Fokus utama kebijakan ini adalah menjaga agar kebutuhan pokok tetap terjangkau bagi masyarakat. BULOG menilai kombinasi bantuan pangan, SPHP, dan Minyakita menjadi cara efektif untuk menekan tekanan harga di tingkat konsumen.
Pemimpin Perum BULOG Wilayah Jawa Tengah, Sri Muniati, mengatakan pemerintah telah menyiapkan berbagai instrumen untuk menghadapi pergerakan harga pangan. Salah satu yang dijalankan adalah mempercepat distribusi bantuan pangan dan mengoptimalkan penyaluran beras SPHP serta Minyakita ke pasar-pasar rakyat.
Hingga awal Juni 2026, stok beras yang dikelola BULOG Kanwil Jawa Tengah mencapai 366.846 ton. Sri Muniati menyebut jumlah itu sangat memadai untuk mendukung program bantuan pangan, SPHP, dan berbagai intervensi pemerintah dalam menjaga stabilitas pasokan serta harga beras.
Realisasi Penyaluran Sudah Lewati 70 Persen
Sampai 6 Juni 2026, realisasi penyaluran bantuan pangan beras telah mencapai 72,26 persen dari target pemerintah. Total 49.103,58 ton beras dan 9.863.300 liter minyak goreng sudah disalurkan kepada 2.207.245 Penerima Bantuan Pangan atau PBP.
Target keseluruhan penerima bantuan tercatat sebanyak 3.397.673 PBP. Pemerintah menargetkan seluruh bantuan pangan itu tersalurkan hingga akhir Juni 2026.
Percepatan ini diharapkan mampu memperkuat daya beli masyarakat. Langkah tersebut juga ditujukan untuk membantu meredam tekanan harga beras dan minyak goreng di pasar konsumen.
Distribusi SPHP dan Minyakita Diperluas
Selain bantuan pangan, BULOG Kanwil Jawa Tengah terus mengoptimalkan distribusi beras SPHP dan Minyakita. Hingga saat ini, 35.149,43 ton beras SPHP dan 6.186.124 liter Minyakita telah disalurkan melalui berbagai saluran resmi.

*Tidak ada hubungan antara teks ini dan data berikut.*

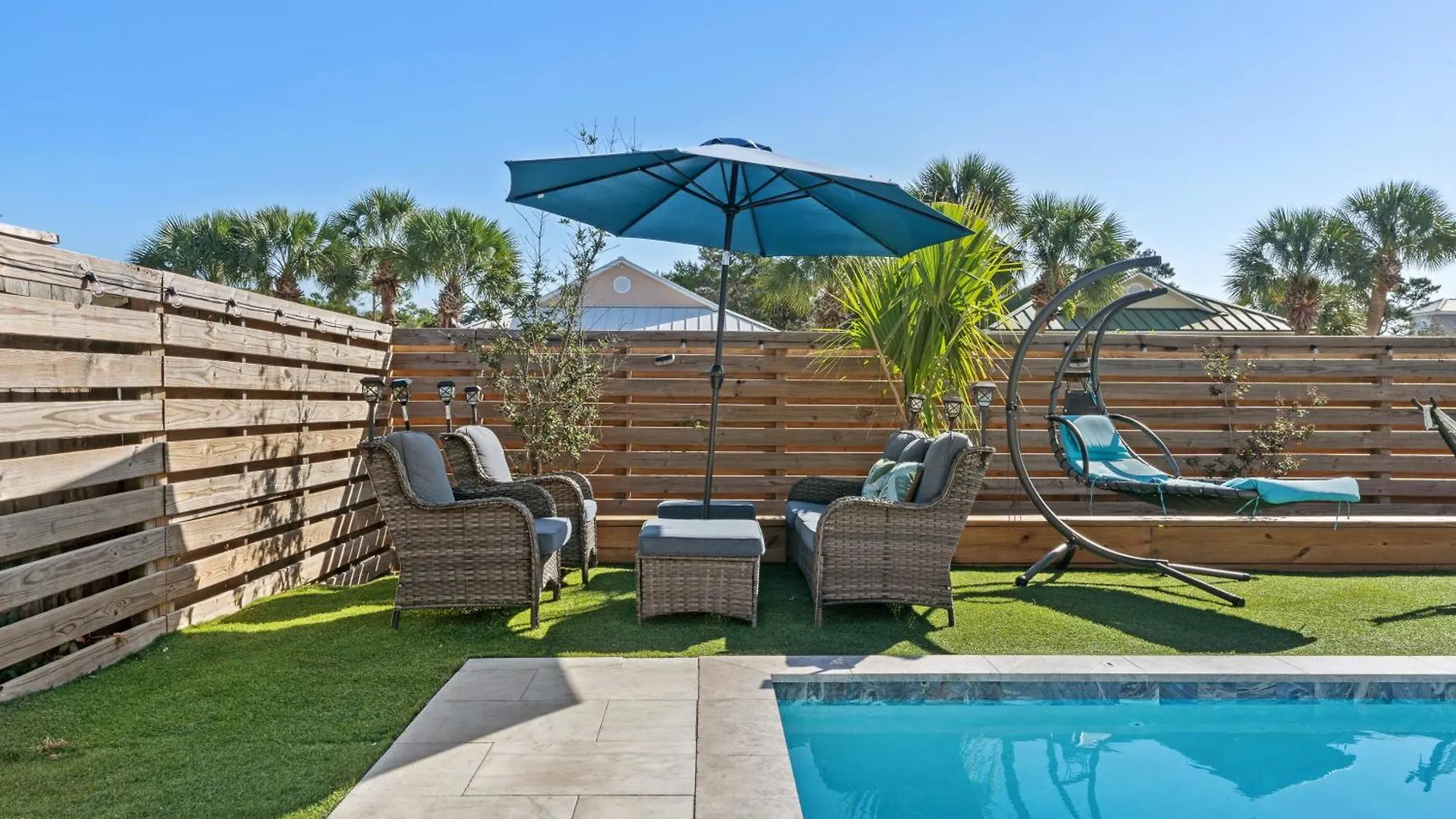 Luxurious Beach House, Private Heated Pool, Dedicated Office, Mins Walk To Beach & Shops Destin 0*,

Saluran distribusi itu meliputi pasar SP2KP, pasar rakyat, kios pangan, outlet binaan, Gerakan Pangan Murah atau GPM, hingga jaringan pengecer yang bekerja sama dengan pemerintah daerah. BULOG menempatkan jalur distribusi ini sebagai bagian penting untuk menjaga pasokan tetap bergerak di pasar.
Sri Muniati menegaskan bahwa beras SPHP dan Minyakita merupakan instrumen strategis pemerintah. Keduanya dipakai untuk memastikan masyarakat tetap memperoleh kebutuhan pokok dengan harga yang terjangkau.
Stok Aman dan Siap Digunakan
BULOG juga memastikan Cadangan Beras Pemerintah atau CBP yang dikelola saat ini berada dalam kondisi aman. Cadangan tersebut siap digunakan sewaktu-waktu untuk mendukung kebijakan stabilisasi pangan nasional.
Dengan stok yang kuat dan jaringan distribusi yang luas, masyarakat diharapkan tidak perlu khawatir terhadap ketersediaan beras maupun minyak goreng. BULOG bersama Badan Pangan Nasional dan para pemangku kepentingan lain menyatakan akan terus menjaga harga beras dan minyak goreng tetap stabil serta memastikan kebutuhan pangan terpenuhi.